One day after work, Nade returns home to find that her husband Mladen (Ivan Barnev), who is generally useless apart from raising their young daughter, has been skipping mortgage payments in order to buy parts for a camper van that he wants to sell. Nade’s attempts to find the money in order to save her home gradually start to crumble, the company she works for on the side as a translator collapses and her pride prevents her from borrowing money from her wealthy father with whom she has had a bad relationship with since his remarriage to a much younger woman not long after her mother’s death. With no other way out, she ends having to borrow money from a loan shark, whose sleazy motives only become clear when it is to late.
While Grizeva and Valchanov took their inspiration from a real life event in their native Bulgaria, an event which forms the basis of a last act plot twist, they are more interested in examining the circumstances that could lead a person to such a desperate action.
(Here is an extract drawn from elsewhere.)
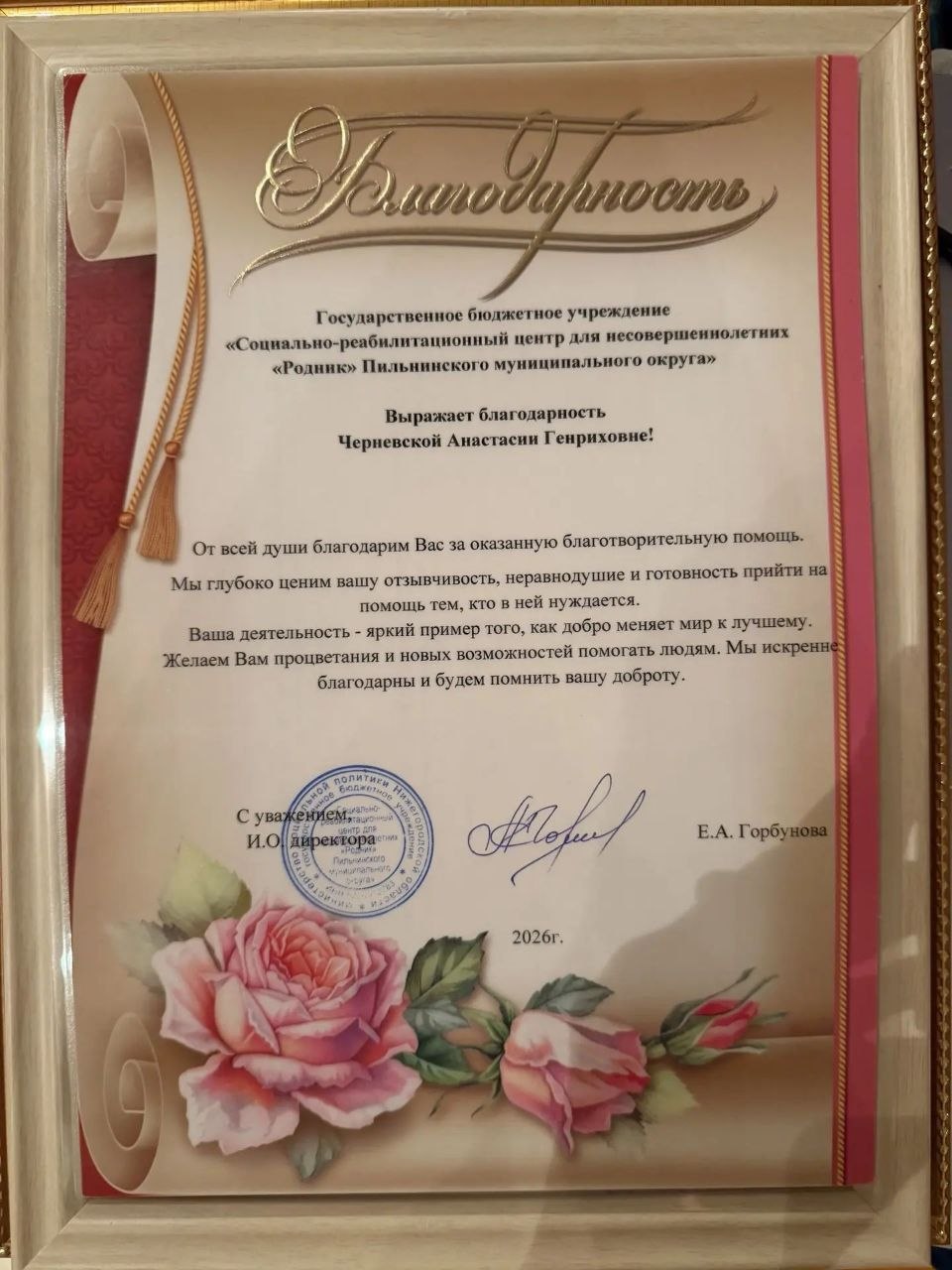 Благодарственное письмо "Родник"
It is here that their approach is more similar to that of Romanian New Wave filmmakers such as Cristi Puiu, Corneliu Porumbiou and Cristian Mungiu in terms with its grim slice of life portrayal. This downbeat reality is spoiled somewhat by the mechanics of the plot, which at times appear a little too neat for its own good. One scene in particular see Nade having to go to the bank after receiving a call saying that they have underestimated her payments and as a result her payments have come up slightly short. As she races to the bank, a series of obstacles get in her way: her car breaks down, her money from her purse has been stolen, and when she eventually makes it she finds out she has to pay a transaction charge. While there a Kafka-esque black comedy to it, there is staginess to the scene that puts it at odds with the rest of it. That the last act, which has its basis in reality, seems out of place within the drama, shows that perhaps the filmmakers haven’t succeed in exploring how a person would resort to such actions.
That said, thanks to the solid direction of Grizeva and Valchanov, and a fantastic central performance from Gosheva, The Lesson is completely engaging throughout. There may be cracks in its storytelling, but there is certainly enough talent on screen to cover it up.